Nailo desceu pelo fosso de entrada da torre. Pousou delicadamente no chão e em voz baixa ordenou à vassoura que retornasse para cima. Olhou ao redor enquanto sacava as espadas. Tudo estava deserto e silencioso mas, algo estava diferente. Todas as portas estavam fechadas. Nailo seguiu silenciosamente até a parede arruinada que dava acesso à câmara onde Mexkialroy estava prestes a ser sacrificado na noite anterior. Não havia ninguém. Apenas algumas pegadas, marcas semelhantes às encontradas fora da torre, impressas no chão graças à água da chuva que entrara na construção na noite passada. Sem encontrar inimigos, Nailo retornou para a entrada e fez sinal para seus amigos descerem.
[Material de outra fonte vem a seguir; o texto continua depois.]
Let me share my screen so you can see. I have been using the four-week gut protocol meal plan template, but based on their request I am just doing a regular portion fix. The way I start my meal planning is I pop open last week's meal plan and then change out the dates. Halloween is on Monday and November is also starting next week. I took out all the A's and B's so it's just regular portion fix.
Em poucos segundos todos estavam novamente juntos dentro da torre amaldiçoada.

_ Não sei o que aconteceu aqui, mas isto não está me cheirando bem – disse Nailo. – Os vampiros fecharam todas as portas, e há pegadas deles por todos os lados.

_ Vamos segui-las e tentar descobrir o que eles fizeram, Nailo – sugeriu Anix.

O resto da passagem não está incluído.